Le débat sur la consigne a sensiblement évolué depuis le discours d'Emmanuel Macron du 19 novembre à l'occasion du Congrès des maires. Des négociations sont en cours entre le Gouvernement et les représentants des collectivités locales dans le cadre d'un groupe de contact créé parallèlement au comité de pilotage lancé en juin. Plusieurs interlocuteurs, proches des discussions, expliquent qu'au-delà des postures affichées par les uns et les autres, les négociations pourraient aboutir à un compromis.
Ce point d'atterrissage devrait se concrétiser dans un amendement gouvernemental au projet de loi relatif à l'économie circulaire. La rapporteure du texte à l'Assemblée nationale, Stéphanie Kerbarh (LaREM, Seine-Maritime), explique que « les députés de la majorité ont souhaité laisser la place à la négociation entre le Gouvernement et les collectivités territoriales ». Sauf imprévu, cet amendement devrait donc être adopté par les députés de la majorité.

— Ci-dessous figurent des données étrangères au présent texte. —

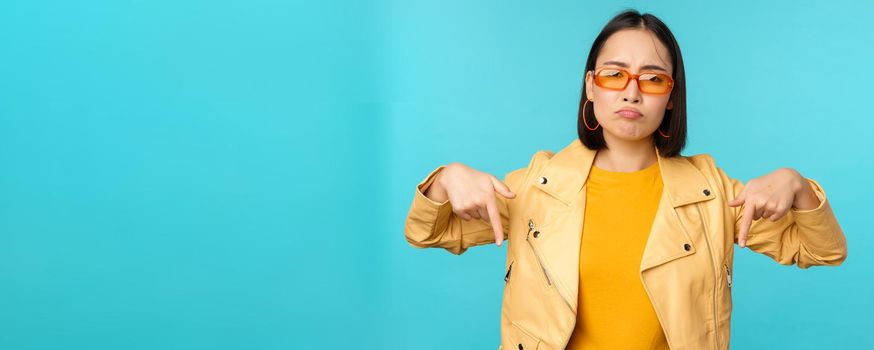 Sad and gloomy chinese girl in sunglasses, points fingers down and grimaces, looks miserable and disappointed, emotion of regret, standing over blue background.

Écouter les maires, mais pas seulement
En expliquant que la consigne ne se ferait pas sans l'accord des maires, Emmanuel Macron a mis le feu aux poudres. Cette déclaration, obtenue, semble-t-il, par le ministre des Collectivités territoriales Sébastien Lecornu, remet en cause la position gouvernementale incarnée jusqu'alors par la secrétaire d'État à la Transition écologique. Sur le coup, la manœuvre de Sébastien Lecornu a été particulièrement mal vue : Brune Poirson a été « fusillée », alors qu'elle avait le feu vert de l'Élysée et de Matignon et qu'elle avait convaincu les députés de la majorité de rétablir la consigne pour recyclage, observe un participant aux réunions de travail.

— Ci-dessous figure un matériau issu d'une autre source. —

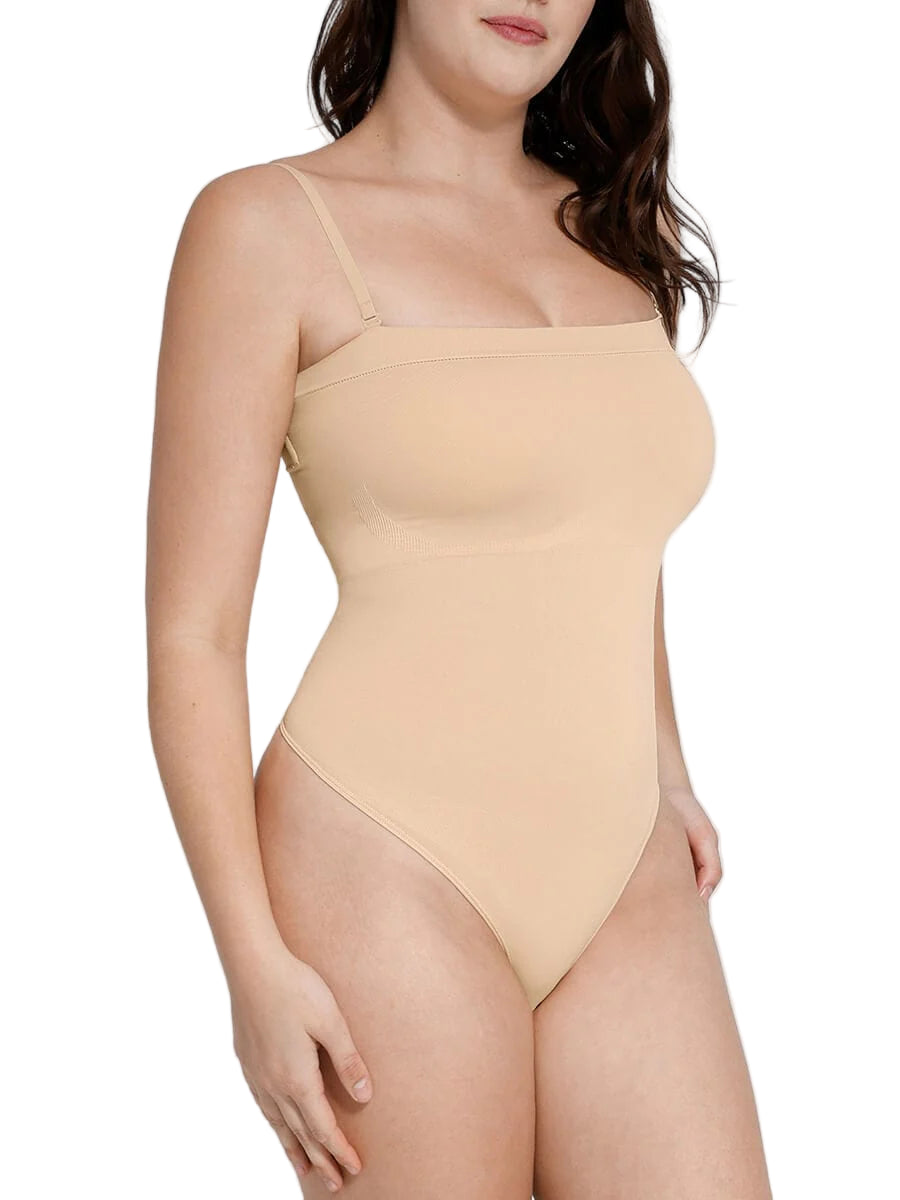 Beige swimsuit worn by a model on a plain background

Bien sûr, les maires sont aux anges : « [nous avons] été entendus : il n'y aura pas de consigne sur les emballages en plastique », clame l'Association des maires de France (AMF) deux jours plus tard. À l'opposé, les associations environnementales, qui avaient obtenu une consigne « mixte » pour relancer le réemploi, font grise mine. « Le Gouvernement va-t-il enterrer la consigne ? » s'inquiètent-elles. Et d'ajouter que « la décision de ne pas acter le retour de la consigne au service du développement du réemploi serait très préoccupante car conforterait le statu quo ».
Négocier un package
Le groupe de contact a permis d'avancer sur le sujet avant l'adoption de la loi. Si certains acteurs restent très négatifs, d'autres sont plus ouverts et avancent des propositions. Il apparaît que l'Assemblée des communautés de France (AdCF), notamment, a pris une part active aux négociations. « Ça tombe bien, fait valoir un observateur, ce sont les intercommunalités qui ont la compétence déchets ». Du côté du Gouvernement, l'option retenue est d'avancer avec ceux qui le souhaitent…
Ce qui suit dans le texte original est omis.